### Exercise materials:
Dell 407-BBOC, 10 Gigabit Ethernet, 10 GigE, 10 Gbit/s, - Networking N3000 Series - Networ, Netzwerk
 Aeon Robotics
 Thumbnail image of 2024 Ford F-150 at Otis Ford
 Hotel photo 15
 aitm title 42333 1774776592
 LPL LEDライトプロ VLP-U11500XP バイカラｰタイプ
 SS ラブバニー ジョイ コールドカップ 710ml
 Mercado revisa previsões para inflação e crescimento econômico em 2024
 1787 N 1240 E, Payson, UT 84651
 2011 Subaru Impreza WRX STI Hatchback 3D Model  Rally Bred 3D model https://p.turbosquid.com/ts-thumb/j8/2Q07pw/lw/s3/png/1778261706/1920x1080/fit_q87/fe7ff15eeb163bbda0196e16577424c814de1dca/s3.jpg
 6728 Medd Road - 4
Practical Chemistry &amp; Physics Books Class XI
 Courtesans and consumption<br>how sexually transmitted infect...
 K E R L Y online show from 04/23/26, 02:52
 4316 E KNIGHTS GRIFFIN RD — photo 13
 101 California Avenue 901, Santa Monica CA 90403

### What you are asked to do:
What lines above hold the word "photo"? Pull each one out.

### Written response:
 Hotel photo 15
 4316 E KNIGHTS GRIFFIN RD — photo 13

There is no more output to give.